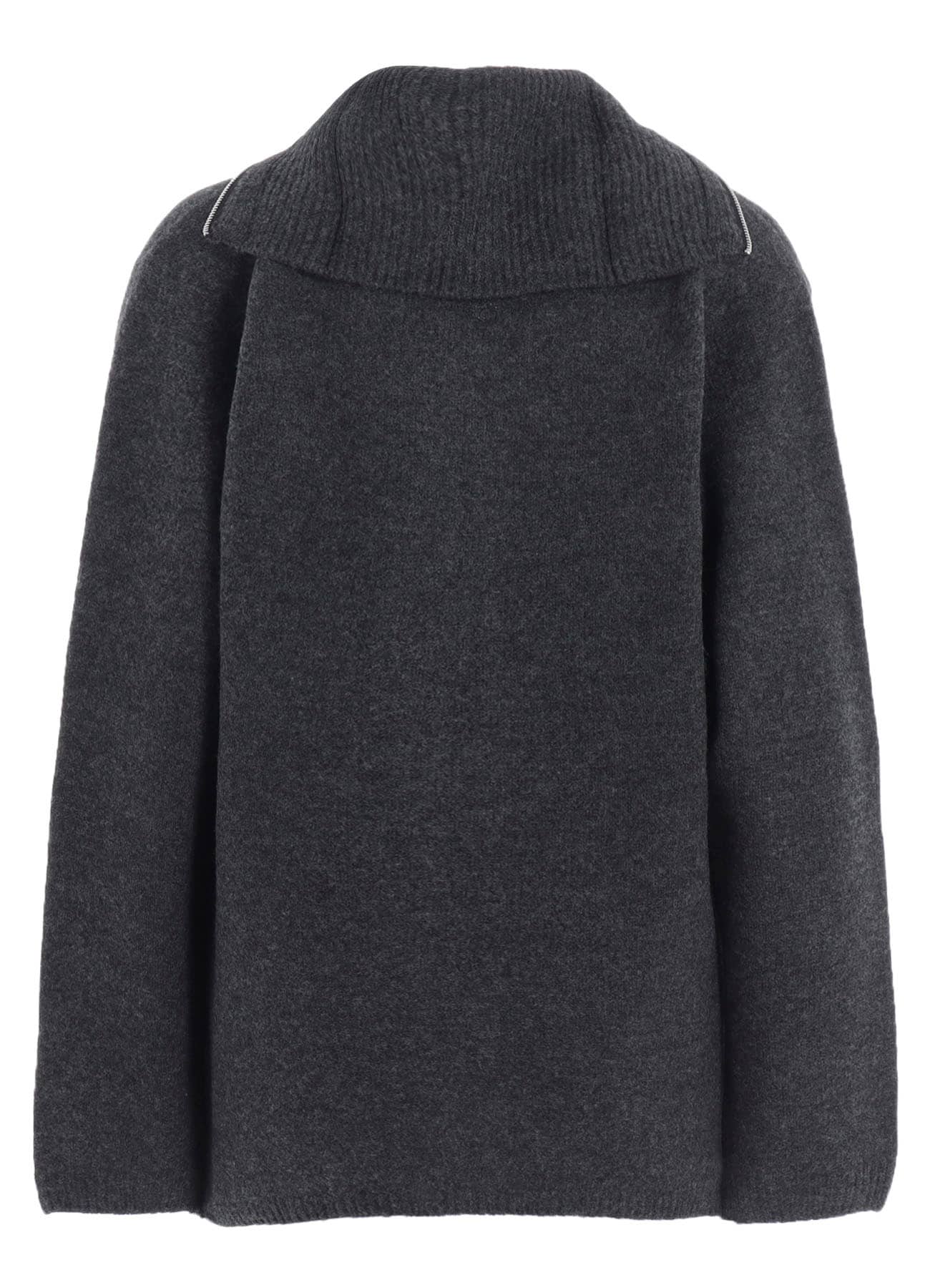 5G3P PLAIN STITCH 1x1 RIB BIG HIGH NECK ZIP CARDIGAN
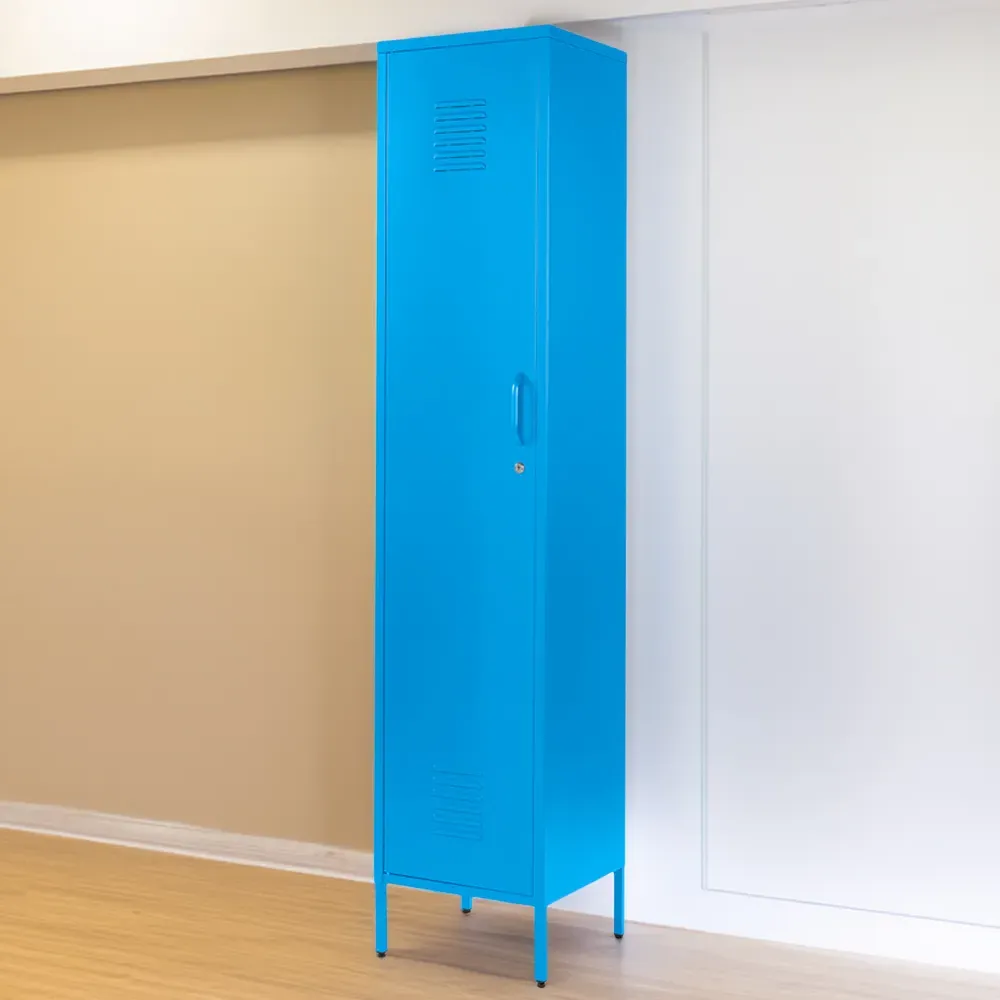 Single Door Tall Locker Cabinet with Lock - Blue, Metal image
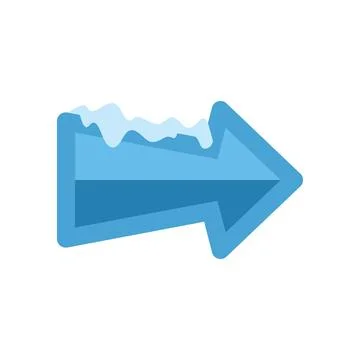 Blue arrow pointing right covered by snow is melting down Stock Illustration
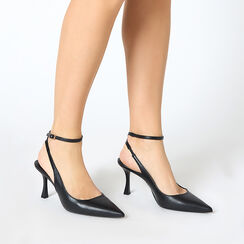 Décolleté slingback nere, tacco 8 cm, Primadonna, 232136302EPNERO036, 002a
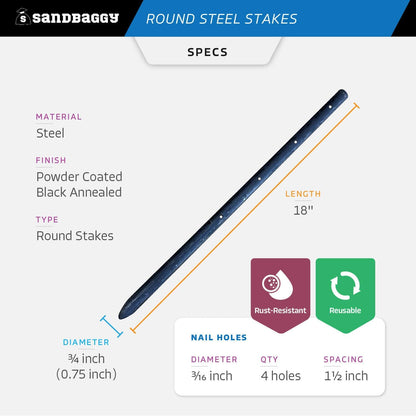 Sandbaggy Round Steel Concrete Form Stakes with Nail Holes - Rust Resistant Coating - Removable, Reusable (20, 3/4 in X 18 in)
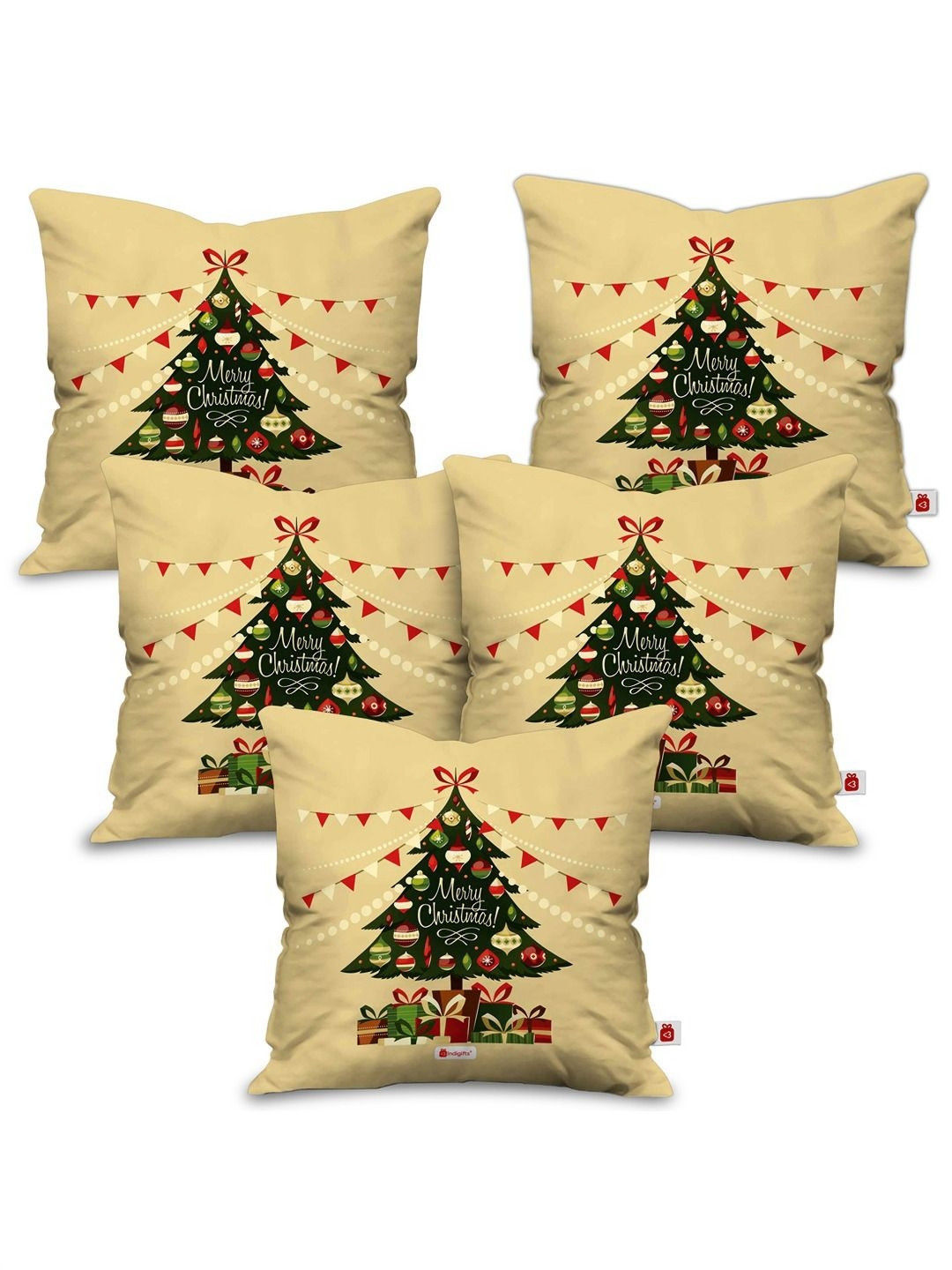 

Indigifts Set Of 5 Brown and Black Printed Pre-Filled Cushion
------------
With images omitted, retype the data word for word.

_Written answer_
 5G3P PLAIN STITCH 1x1 RIB BIG HIGH NECK ZIP CARDIGAN
 Single Door Tall Locker Cabinet with Lock - Blue, Metal image
 Blue arrow pointing right covered by snow is melting down Stock Illustration
 Décolleté slingback nere, tacco 8 cm, Primadonna, 232136302EPNERO036, 002a
 Sandbaggy Round Steel Concrete Form Stakes with Nail Holes - Rust Resistant Coating - Removable, Reusable (20, 3/4 in X 18 in)

Indigifts Set Of 5 Brown and Black Printed Pre-Filled Cushion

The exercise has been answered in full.